* _WHAT THE TASK ASKS_:
Output exactly the lines from the one with "KATO-KATO定妝噴霧持妝控油細膩水霧減弱粉感服帖國貨禮物 液體散粉噴霧 100ml" through the last line of the data below, both included, and nothing more.

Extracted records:
*-*-*
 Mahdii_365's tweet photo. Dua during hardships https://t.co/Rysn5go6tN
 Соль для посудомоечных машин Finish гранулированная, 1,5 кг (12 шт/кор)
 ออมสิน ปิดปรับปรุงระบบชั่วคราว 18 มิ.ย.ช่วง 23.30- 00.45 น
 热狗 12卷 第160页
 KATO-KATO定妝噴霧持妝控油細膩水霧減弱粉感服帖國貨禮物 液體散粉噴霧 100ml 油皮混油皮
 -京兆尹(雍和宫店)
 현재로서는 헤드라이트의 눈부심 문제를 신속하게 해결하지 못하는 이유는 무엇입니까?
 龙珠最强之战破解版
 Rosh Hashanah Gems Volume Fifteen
*-*-*
* _RESPONSE TO THIS TASK_:
 KATO-KATO定妝噴霧持妝控油細膩水霧減弱粉感服帖國貨禮物 液體散粉噴霧 100ml 油皮混油皮
 -京兆尹(雍和宫店)
 현재로서는 헤드라이트의 눈부심 문제를 신속하게 해결하지 못하는 이유는 무엇입니까?
 龙珠最强之战破解版
 Rosh Hashanah Gems Volume Fifteen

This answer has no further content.